Comment définir le “grand luxe” monégasque ? La règle d’or de tout agent immobilier, à savoir l’emplacement, n’a ici que peu de valeur : “c’est la hauteur qui garantit la pérennité de la vue” pour Claude Mimet, directeur commercial de Dumez Immobilier. 
Et la vue fait le prix. Peu importe le quartier ? Quand même pas : le quartier le plus prestigieux, c’est le Carré d’Or autour de la place du Casino, encore appelé en toute simplicité “le centre” par les initiés.
Ensuite, les prix baissent de 10 à 15% quand on s’éloigne vers  l’est et vers l’ouest. 
Fontvieille connait une décôte supplémentaire à cause de son accès obligé par un tunnel, entrée certes pas très noble - même si le Seaside Plaza, fleuron de Fontvieille (à droite),  mérite bien le qualificatif de “prestigieux”.
Bien sûr, le B-A BA du luxe se décline en  marbres et bois précieux omniprésents, chaque chambre possédant sa salle de bain privative, piscine et jardin obligatoires. 
Sans oublier l’atout Numéro Un, la Sécurité.
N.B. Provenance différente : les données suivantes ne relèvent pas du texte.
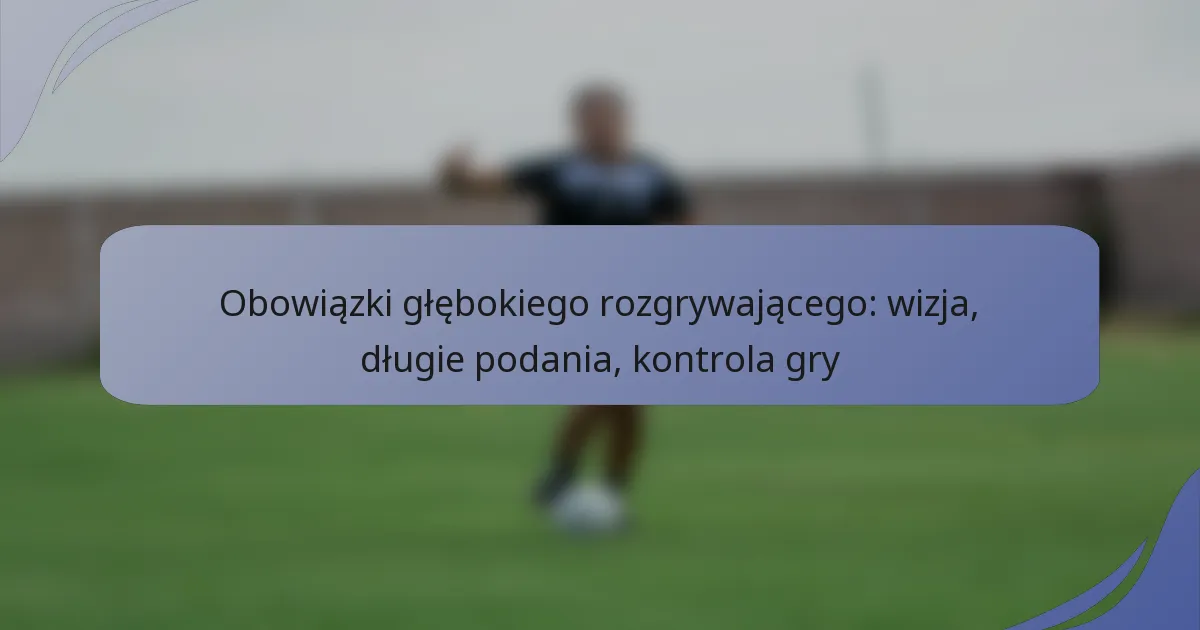 Obowiązki głębokiego rozgrywającego: wizja, długie podania, kontrola gry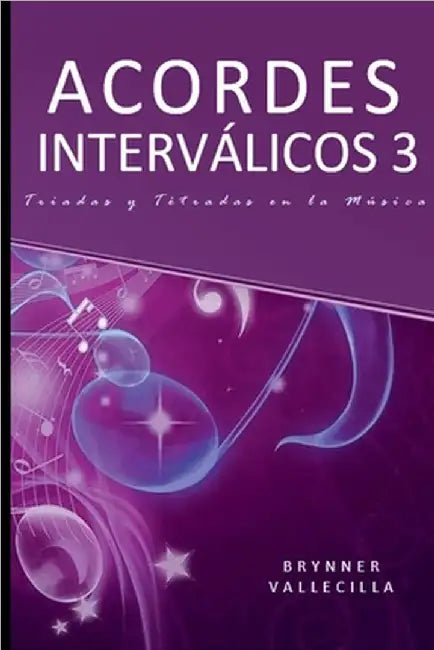 Acordes Interválicos 3: Triadas y Tétradas en la música by Vallecilla, Brynner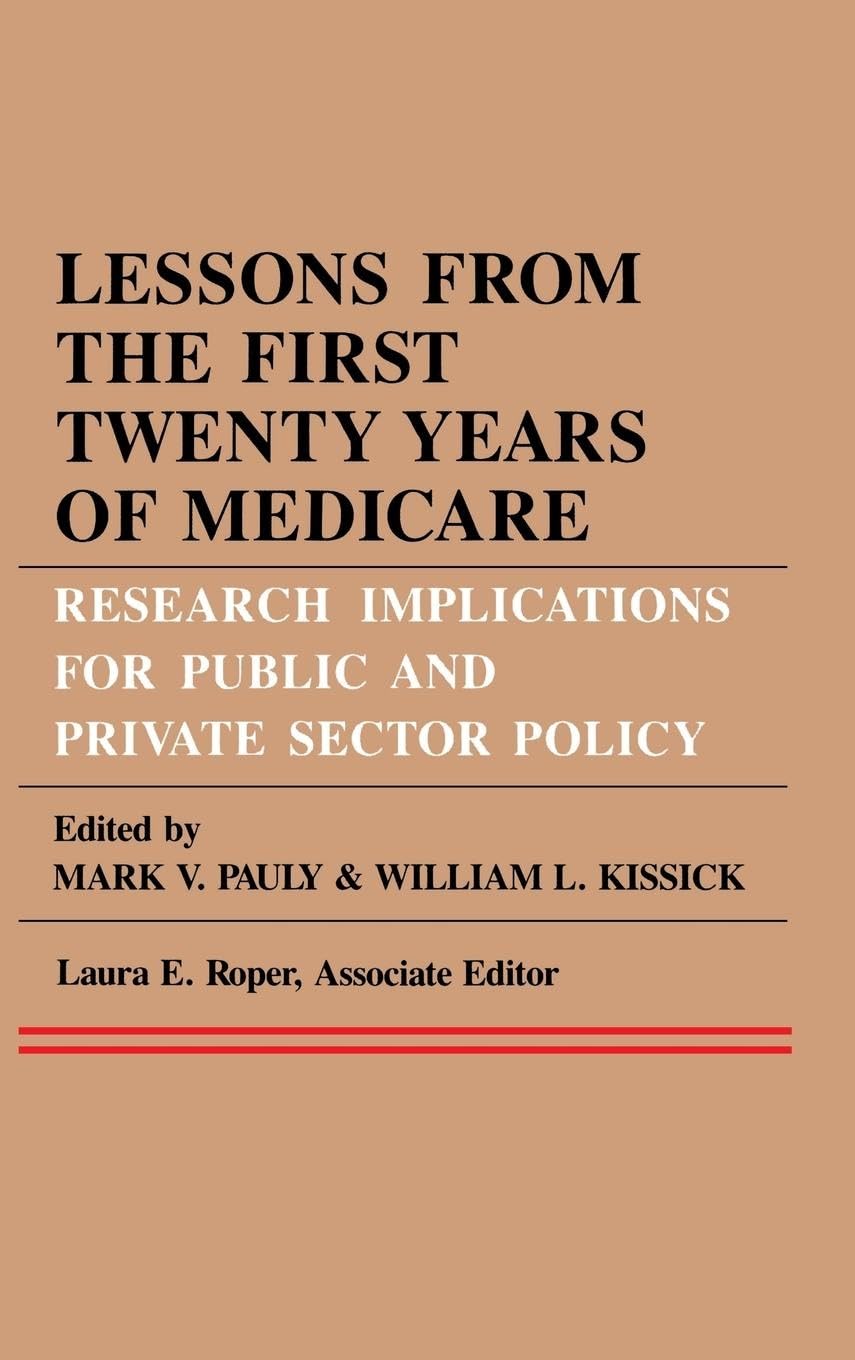 Lessons From The First Twenty Years Of Medicare: Research Implications For Public And Private Sector Policy (Series In Health Ec,Used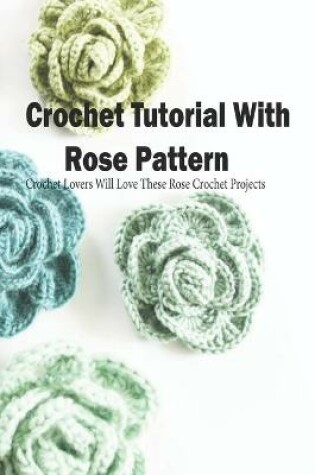 Cover of Crochet Tutorial With Rose Pattern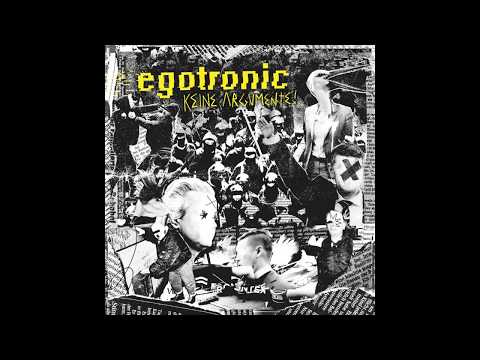 Egotronic - Keine Argumente! (Full Album) [Audio]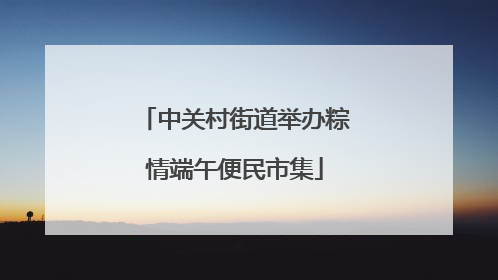 中关村街道举办粽情端午便民市集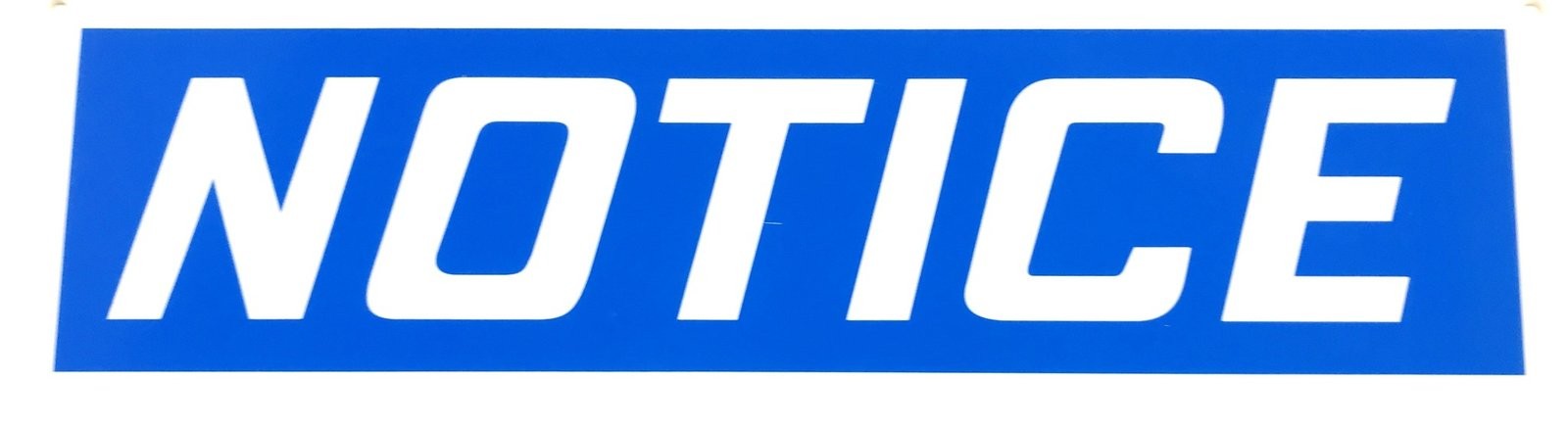 Unbranded Notice Sign [Lot Of 2] NOS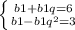 \left \{ {{b1+b1q=6} \atop {b1-b1q^2=3}} \right.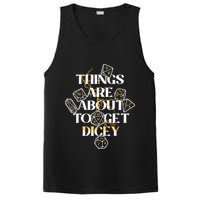 Funny Things Are About To Get Dicey DnD PosiCharge Competitor Tank
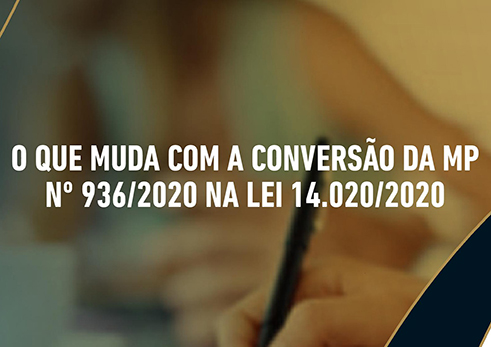 O que muda com a conversão da MP 936 na Lei 14.020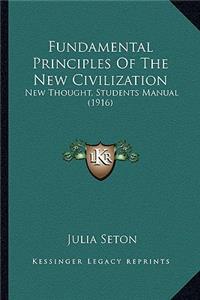 Fundamental Principles Of The New Civilization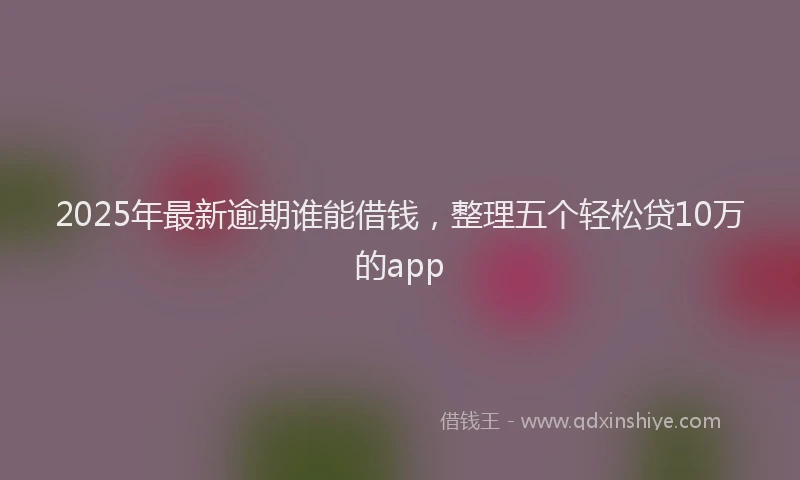 2025年最新逾期谁能借钱，整理五个轻松贷10万的app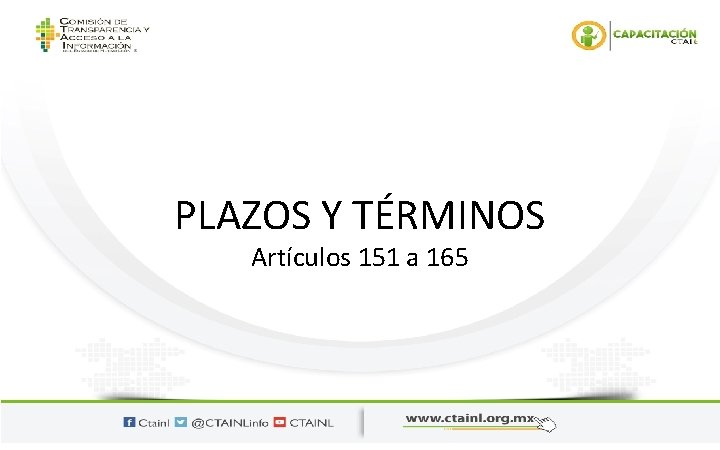 PLAZOS Y TÉRMINOS Artículos 151 a 165 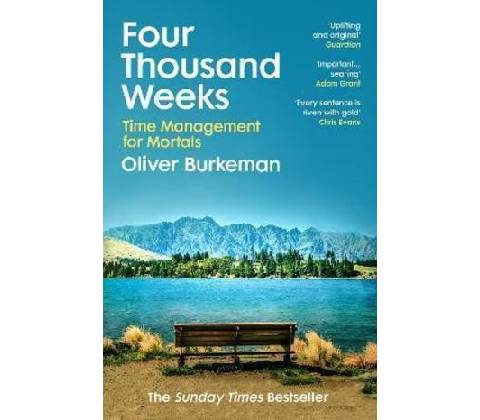 Four Thousand Weeks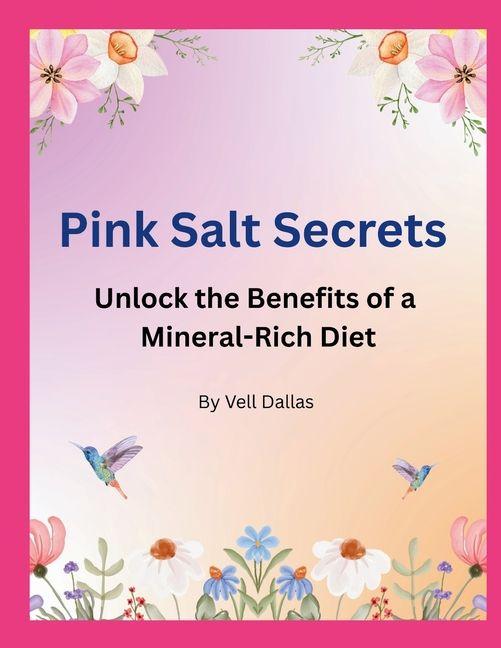 Kniha Pink Salt Secrets Vell Dallas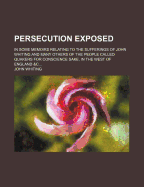 Persecution Exposed: In some memoirs relating to the sufferings of John Whiting, and many others of the people called Quakers, for conscience sake, in the west of England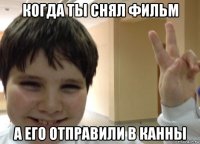 когда ты снял фильм а его отправили в канны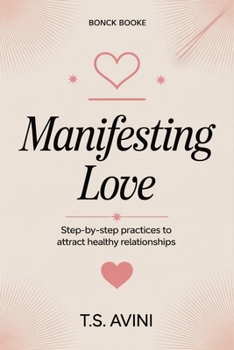 Paperback Manifesting Love: Step by Step Practices to Attract Healthy Relationships Book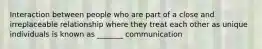 Interaction between people who are part of a close and irreplaceable relationship where they treat each other as unique individuals is known as _______ communication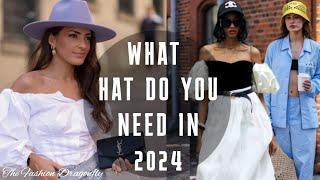 WHAT HAT DO YOU NEED IN 2024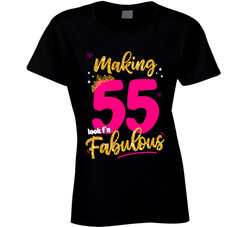 Making 55 Look F'n Fabulous Ladies T Shirt Making 55 Look F'n Fabulous Ladies T Shirt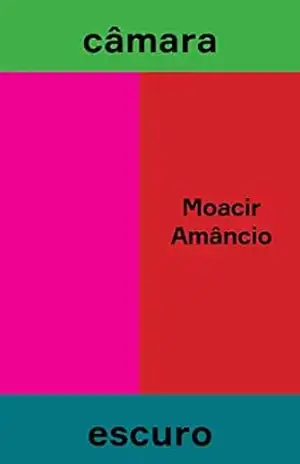 Câmara escuro - Moacir Amâncio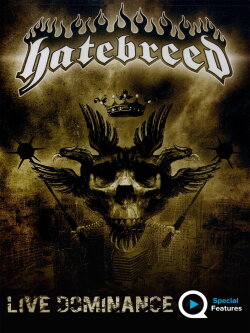 Hatebreed: Live Dominance (2008)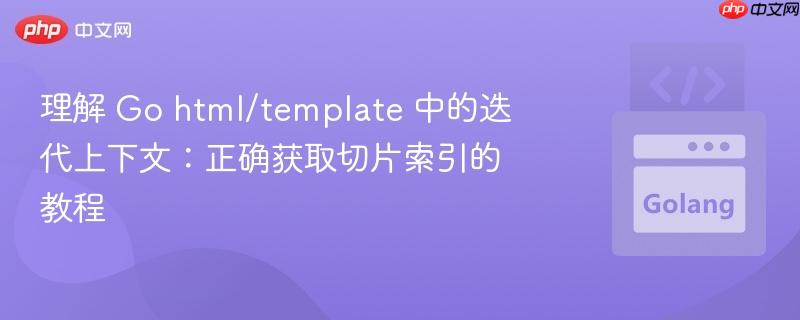 理解 Go html/template 中的迭代上下文：正确获取切片索引的教程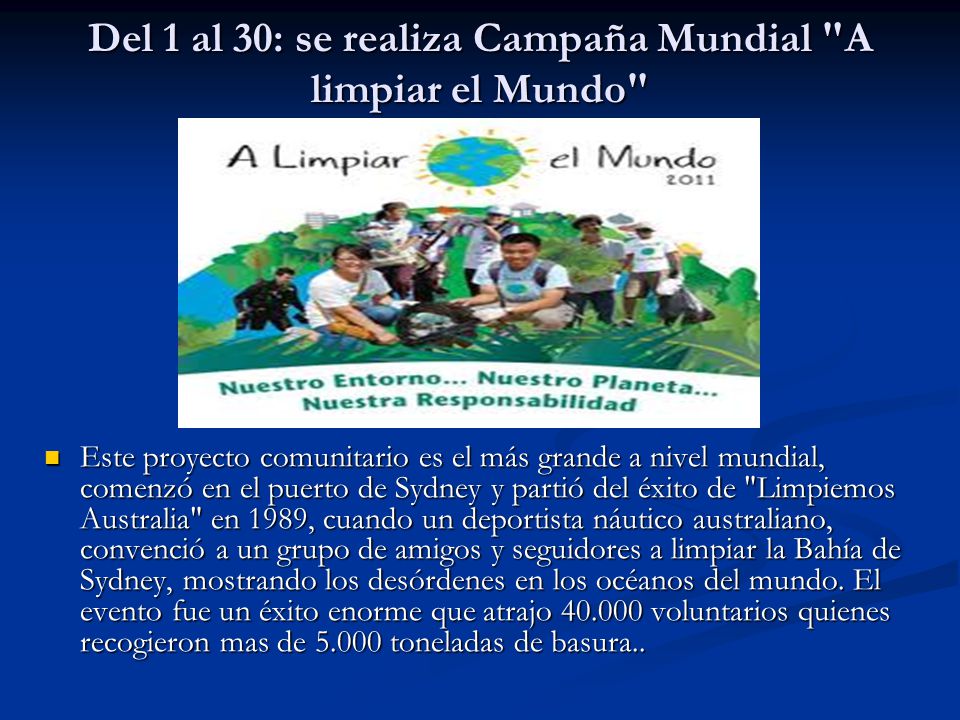 Del 1 al 30: se realiza Campaña Mundial A limpiar el Mundo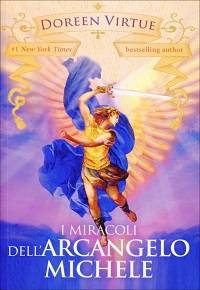 I miracoli dell'Arcangelo Michele Doreen Virtue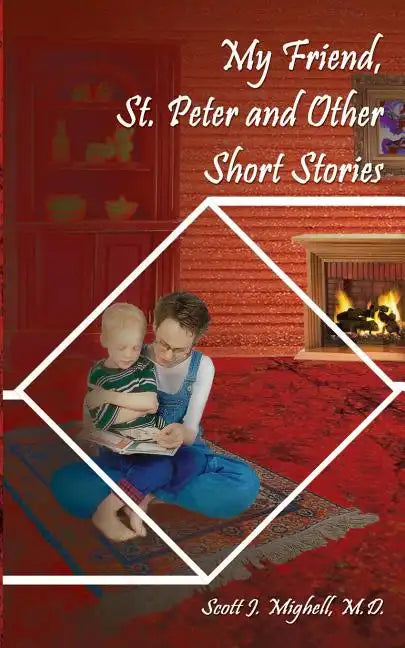 My Friend, St. Peter and Other Short Stories - Paperback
Un coffre-fort dissimulé dans un placard, dans un appartement surveillé par une caméra, elle-même reliée à un poste de gardiennage, lui-même relié directement à la police monégasque, sans doute la plus efficace au monde. 
Voila le comble du luxe, ambiance un tantinet “parano” incluse !
Quant aux prix - évidemment hors de prix - ils se murmurent ou bien ils s’affichent dans les journaux : 113 millions pour une villa au Prince de Galles, 110.000 francs le mètre carré l’appartement à l’Hôtel de Rome … Trop tard, tout est vendu. 
Mais visitons ensemble les plus beaux appartements.
Evanouies, les glorieuses années 80 …

Un secteur immobilier passé ces dernières années de 30% à 15% des recettes de l’Etat (par le biais de la TVA), c’était bel et bien un signe de crise dans le milieu des années 90. Ne restait plus aux professionnels que le souvenir nostalgique des plus-values exceptionnelles : jusqu’à  3500% entre les années 1960 et 90. Depuis l’époque de la guerre du Golfe (1991), les transactions diminuaient, se faisant de plus en plus lentement, en trois mois voire un an au lieu de dix jours. L’année 95 avait très mal commencé : “le marché est très calme, pour ne pas dire morose” selon les termes très modérés de Raoul Boni, président de la Chambre Immobilière. Les prix étaient en baisse dans la location, on négociait ferme dans la vente - quand on avait la chance d’avoir un client. Le marché était malade. Du moins pour le court terme. Car, comme le faisait remarquer Claude Mimet : “la rareté des produits soutient le marché quand les transactions faiblissent et dès qu’elles repartent, les prix s’envolent. Une rareté gage de plus-value pour l’avenir.”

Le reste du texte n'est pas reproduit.